Full disclosure, I am an English Education major. I have always been an advanced writer and have enjoyed the creative process. However, typing up a business plan that you have to create yourself is an entirely new monster that I had to explore and figure out. My DECA advisors (Shoutout Mr. Goldfinger and Mrs. Lopez) tore apart every draft of my papers and significantly improved my writing and on-paper presentation skills. If you are in DECA, I'm sure your advisor(s) do the same, and as much as it may hurt your feelings or your pride at the moment, you will thank them to the end of the earth when you get to the "real world "and you write better than the average joe sitting next to you in ENC 1101 or at work.

6. How to use technology.

If you want to be the best and have a chance at doing well in the competition, your laptop becomes your best friend during DECA season. I think I was the only kid at my high school that religiously brought their computer to school, but learning how to make graphics, typing scripts, and putting together a paper takes TIME and you never know when a perfect idea or working moment will strike.

7. CREDIT. CARDS. 

I personally chose to take a personal finance type class to secure my spot in the DECA program. As part of that curriculum, my teacher taught us all about debit and credit cards, as well as different types of banks and bank accounts. Thank goodness someone taught me because without that class I would be literally clueless with my money.

8. The in and outs of Microsoft Office.

My last year in DECA, I switched over to the marketing track and invested some time in MOS (Microsoft Office Specialist) certifications. Through studying for the exams that I never even ended up taking, I learned how to navigate and became pretty efficient in using Microsoft word, powerpoint, excel, and outlook. This definitely turned out to be helpful in college, who knew!?

9. How to be a humble winner and a gracious loser.

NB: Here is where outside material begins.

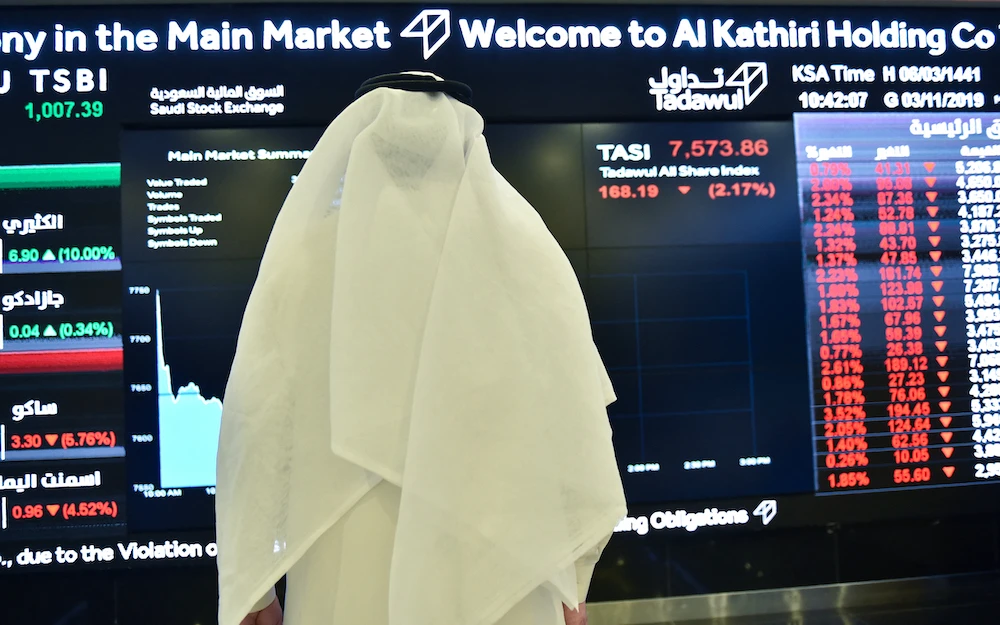 A Saudi man monitors an exchange board at the Stock Exchange Market (Tadawul) bourse in Riyadh. File/AFP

DECA is inevitably a competition, so there is destined to be winners and losers. As hard as you work on your project, you only have around ten minutes to impress people that don't know you or how many sleepless nights you spent to prepare for this moment. It sucks to see your hard work not pay off, but remember to be happy for those people that did place and will be advancing. You never know until you're up on that stage accepting your glass trophy how much the support of your chapter members means.

10. How to be calm and collected... at all times.

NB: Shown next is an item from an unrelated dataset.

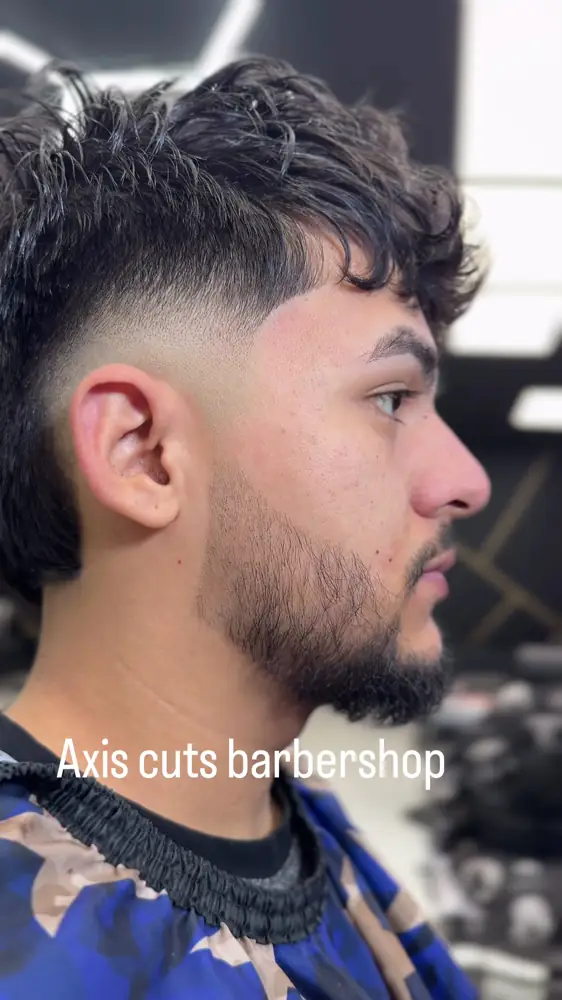 Mid fade with textured top and a shaped beard at Axis Cuts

DECA might as well stand for unDoubtedly Everything Could (go) Awry. My best advice to anyone in DECA, especially those traveling with their DECA chapter, EXPECT THE UNEXPECTED. My senior year, it was pouring rain on our presentation day and we planned to walk to the convention center and junior year we got stuck in traffic on Pacific Coast Highway in California and could've missed our flight. You just gotta stay calm and roll with the punches, and this is one of the best traits I've acquired through DECA that I have taken with me into my college/adult life.

To learn more about DECA, feel free to visit this website and to all of my fellow DECA alumni, I hope this made you remember the good times where all we cared about was meeting each other on the trips and deciding on which DECA diamond to throw in our pictures.